**Importing Libraries**

In [None]:
import numpy as np 
import pandas as pd
import matplotlib.pyplot as plt
import seaborn as sns

import os
for dirname, _, filenames in os.walk('/kaggle/input'):
    for filename in filenames:
        print(os.path.join(dirname, filename))


**Preprocessing Data**

In [None]:
train_data = pd.read_csv("/kaggle/input/titanic/train.csv")
test_data = pd.read_csv("/kaggle/input/titanic/test.csv")

#Reviewing data to see if there is anything that stands out
train_data.describe(include='all')

In [None]:
#Checking the types for each column
train_data.info()

In [None]:
#Cleaning the Data

#Dropping cabin due to few values in data; and name, fare, and ticket are too unique in my opinion; embarked decreased score for both models so it was removed
Clean_Train_Data = train_data.drop(['Cabin','Name','Fare','Ticket','Embarked'], axis = 1)

#Filling in missing data in Age and embarked
Clean_Train_Data['Age'].fillna(int(Clean_Train_Data['Age'].mean()), inplace=True)

#Checking to see if dtype and null values changed
Clean_Train_Data.info()


In [None]:
#Repeating process for the test data as well

Clean_Test_Data = test_data.drop(['Cabin','Name','Fare','Ticket'], axis = 1)

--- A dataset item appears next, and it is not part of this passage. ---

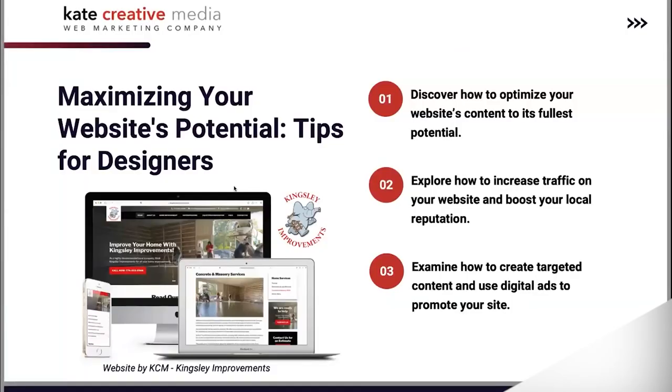We're going to be talking about a few things today: discovering how to optimize your website's content to the fullest potential, exploring how to increase your traffic on social media and your website to increase your local reputation. At the end, we're going to examine how to create targeted content for digital ads and how to promote your website. All of the content I use throughout this presentation is from our actual clients, so feel free to take a look at those after the presentation.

Clean_Test_Data['Age'].fillna(int(Clean_Train_Data["Age"].mean()), inplace=True)

Clean_Test_Data.info()

In [None]:
#Looking at different variables from training data
#0=No and 1=Yes

sns.countplot(x='Survived', hue='Survived', data=train_data)
plt.xlabel('Survived')
plt.ylabel('Count')
plt.show()

In [None]:
#Survival of the genders
#Where 0=No and 1=Yes
sns.countplot(x="Sex", hue='Survived', data=train_data)
plt.title("Survival of different Gender")
plt.xlabel('Sex')
plt.ylabel('Count')
plt.show()

In [None]:
#1st, 2nd, 3rd Class Passangers
#1st = Upper Class, 2nd = Middle Class, 3rd = Lower

sns.countplot(x='Pclass', hue='Survived', data=train_data)
plt.xlabel('Pclass')
plt.ylabel('Count')
plt.title("Survival of different classes")
plt.show()

In [None]:
# Number of siblings / spouses aboard the Titanic
sns.countplot(x='SibSp', hue='Survived', data=train_data)
plt.xlabel('SibSp')
plt.ylabel('Count')
plt.title("Survival of SibSp")
plt.show()

In [None]:
# Number of parents / children aboard the Titanic
#Some children traveled only with a nanny, therefore parch=0 for them.
sns.countplot(x='Parch', hue="Survived", data=train_data)
plt.xlabel('Parch')
plt.ylabel('Count')
plt.title("Survival of families")
plt.show()

**Trying Different Models**
*Using the Random Forest and SVM models to test data then using cross validation scores to see accuracy*

In [None]:
#Random Forest Model
from sklearn.ensemble import RandomForestClassifier

y = Clean_Train_Data['Survived']

features = ['Pclass', 'Sex', 'Age', 'SibSp', 'Parch']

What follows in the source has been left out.